## PROBLEM
Write out the data again exactly, skipping every picture.

## RECORDS SHOWN
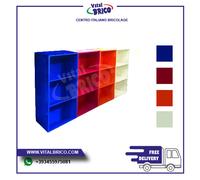 Libreria Colorata ripiani Componibile Modulare Legno Scaffale scuola colorate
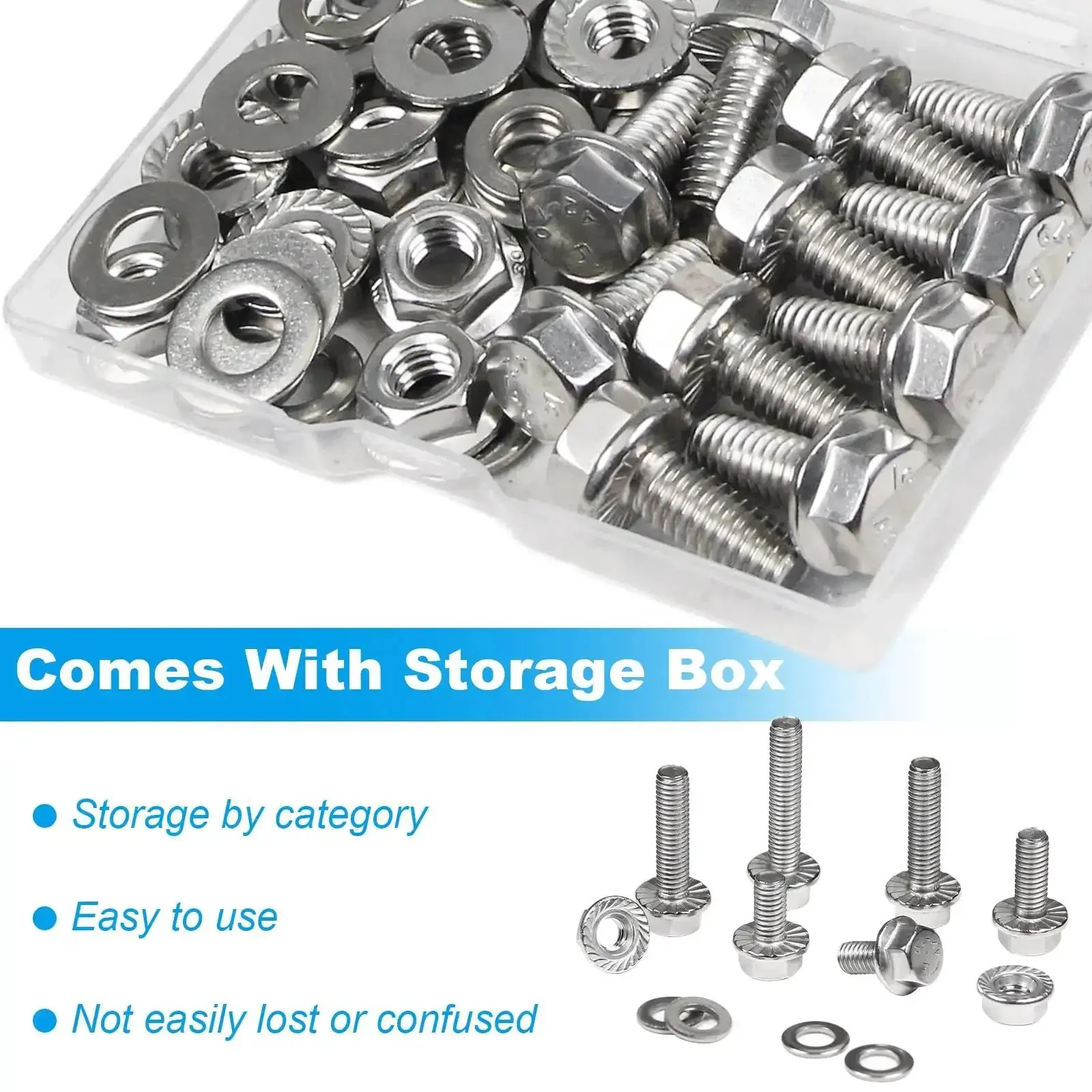 10 Sets 5/16-18 By 1 Inch Flanged Hex Bolts Kit With 5/16-18 Nuts Flat Washers And Spring Lock Washers In 304 Stainless Steel 18-8 Fully Threaded Beefy Workhorse Kit DIY Friendly - Image 4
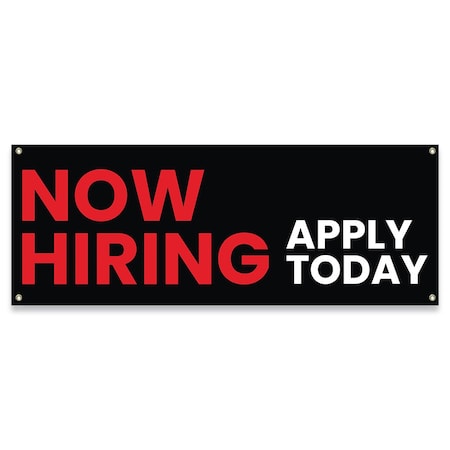 Signmission Now Hiring Apply Today Banner Concession Stand Food Truck Single Sided B-30109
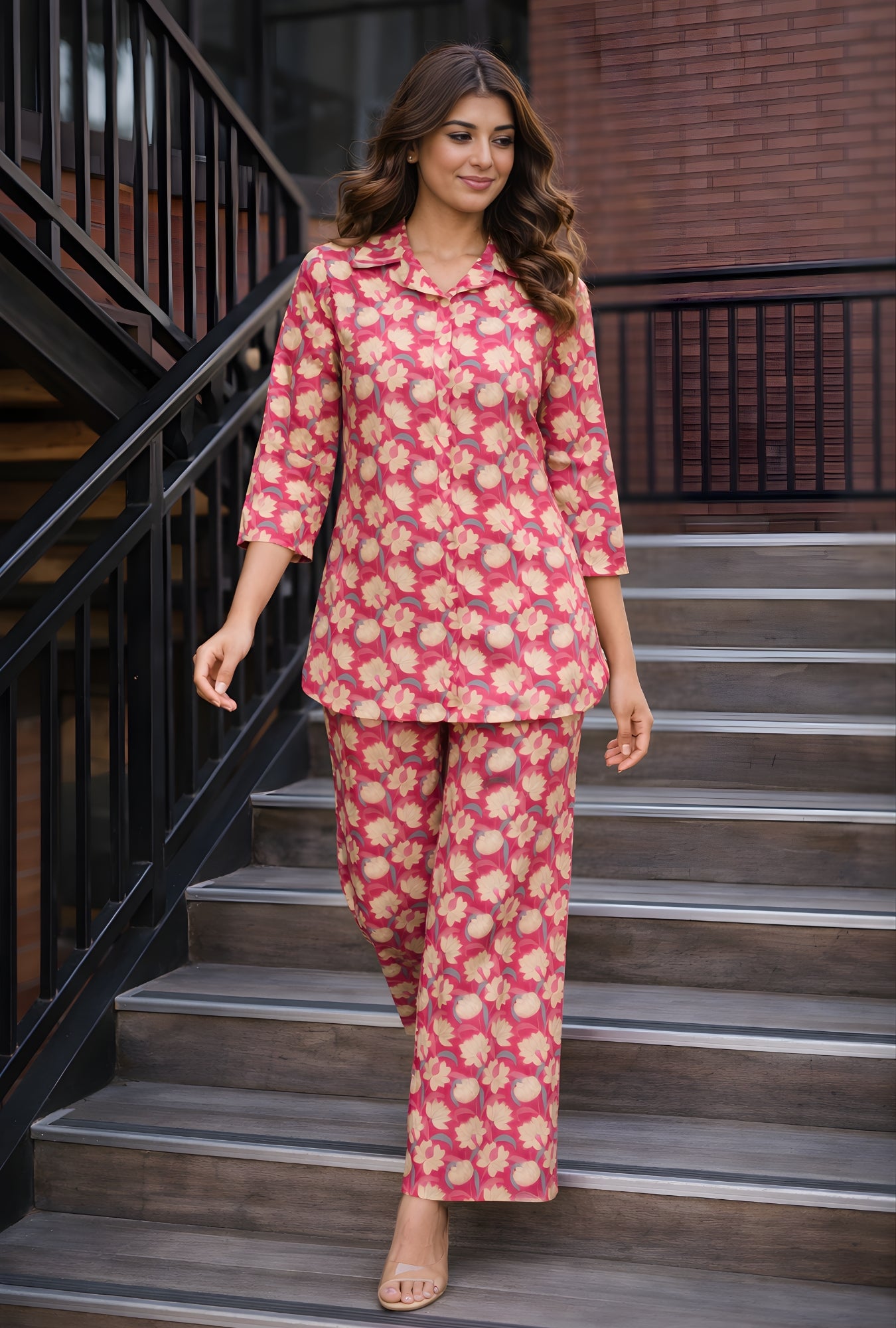 Tulip Pink Cotton Loungewear Co-ords Set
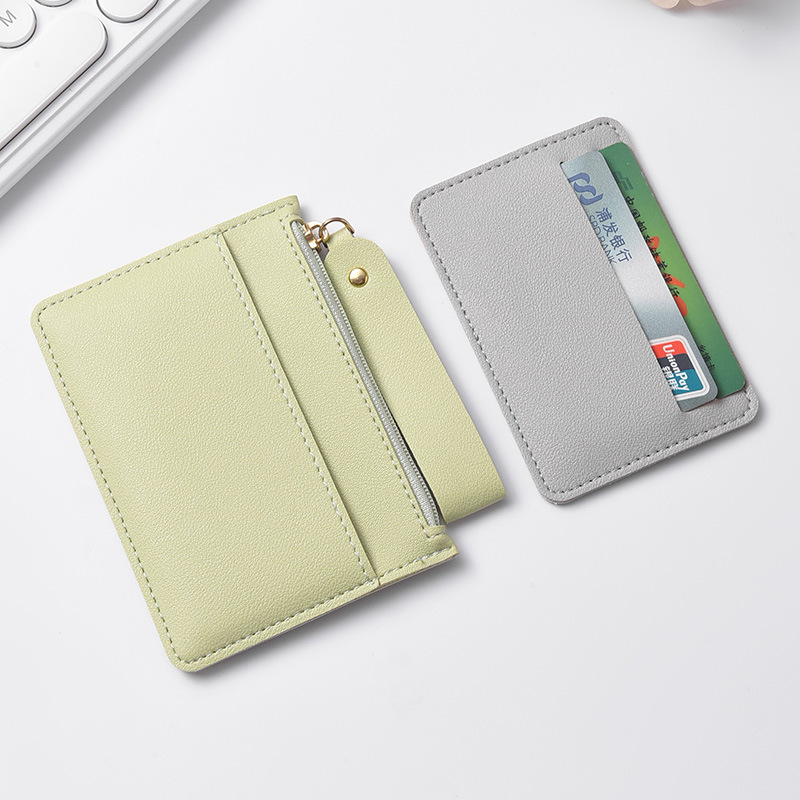 Slim Card Slot Case - マルチカードスロット財布 ID カードバッグカードケーススリム超薄型 PU カードホルダー女性韓国ジッパー小銭入れ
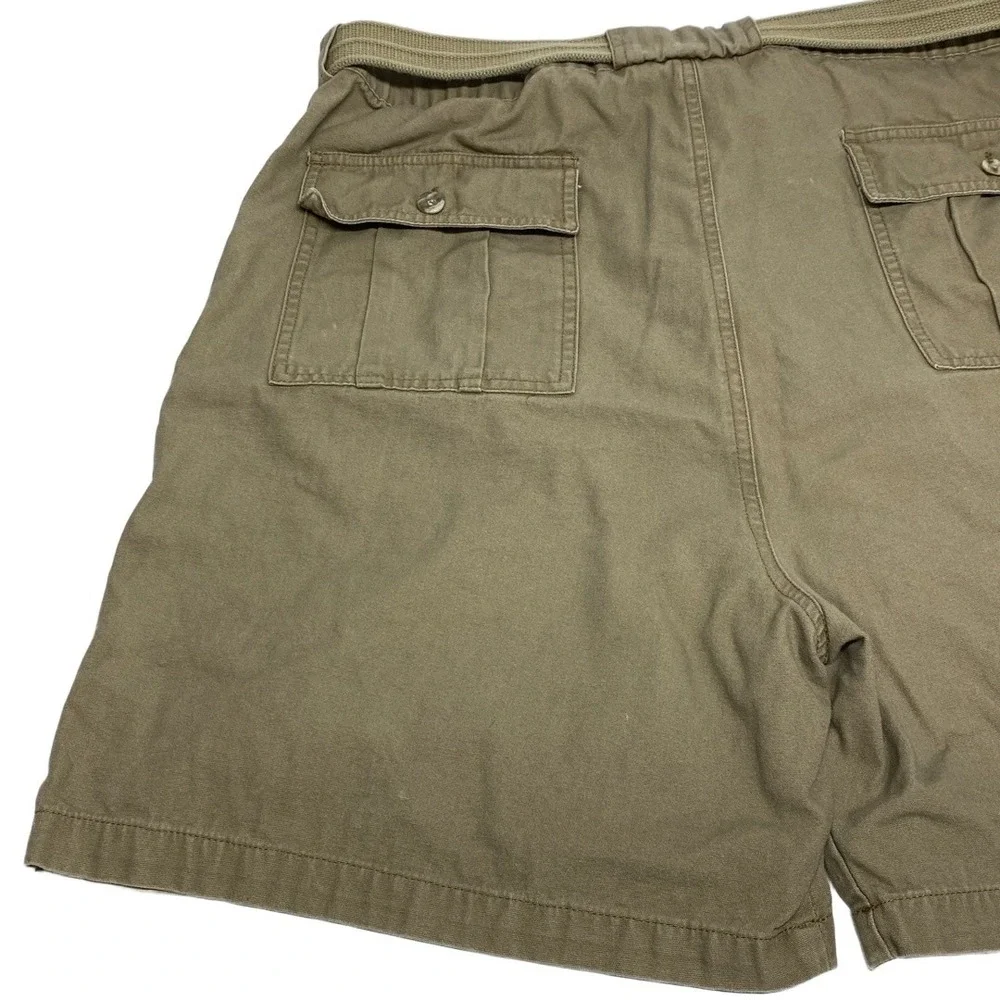 XX STAT Cotton Shorts Mens Lg Khaki Cargo‎ Utilitarian D Ring Belt Outdoor Belt
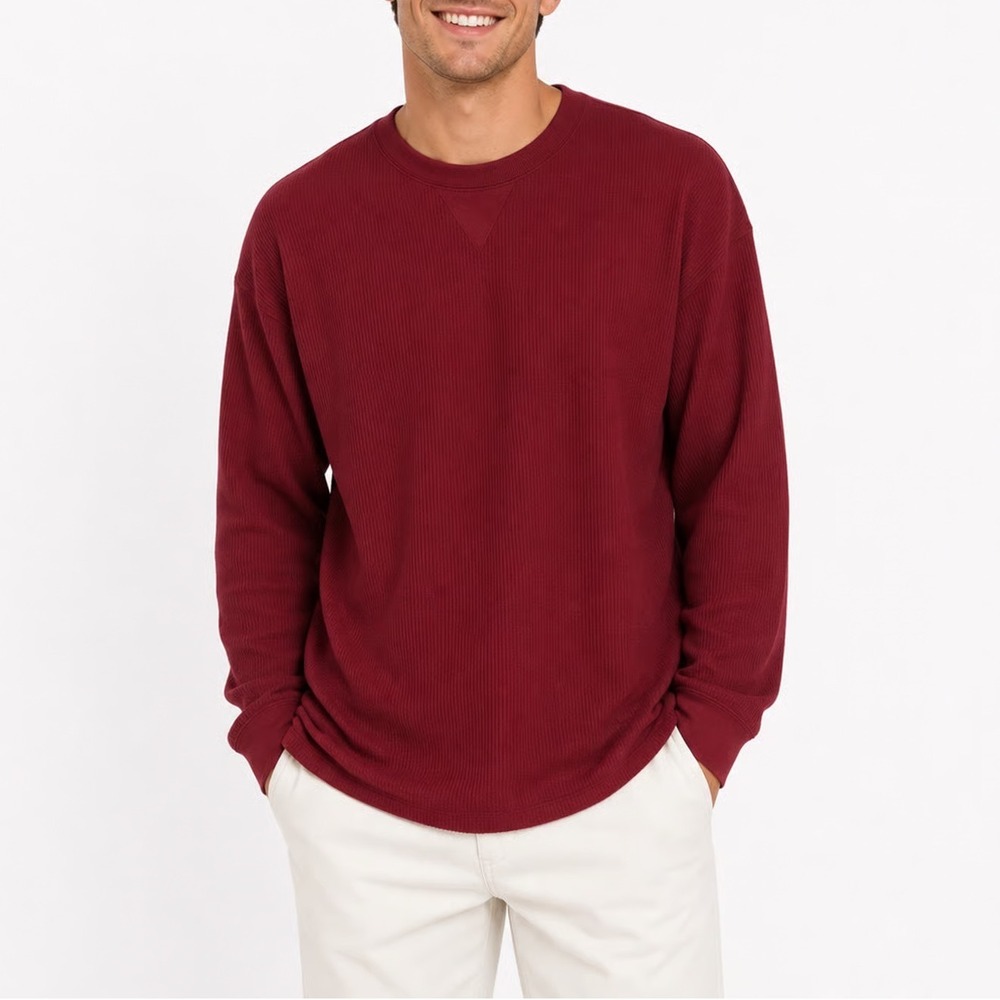 Preswick & Moore Mens Thermal Sleep Shirt Garnet Red Waffle Knit L New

## EXERCISE ANSWER
 Libreria Colorata ripiani Componibile Modulare Legno Scaffale scuola colorate
 10 Sets 5/16-18 By 1 Inch Flanged Hex Bolts Kit With 5/16-18 Nuts Flat Washers And Spring Lock Washers In 304 Stainless Steel 18-8 Fully Threaded Beefy Workhorse Kit DIY Friendly - Image 4
 Signmission Now Hiring Apply Today Banner Concession Stand Food Truck Single Sided B-30109
 Tulip Pink Cotton Loungewear Co-ords Set
 Slim Card Slot Case - マルチカードスロット財布 ID カードバッグカードケーススリム超薄型 PU カードホルダー女性韓国ジッパー小銭入れ
 XX STAT Cotton Shorts Mens Lg Khaki Cargo‎ Utilitarian D Ring Belt Outdoor Belt
 Preswick & Moore Mens Thermal Sleep Shirt Garnet Red Waffle Knit L New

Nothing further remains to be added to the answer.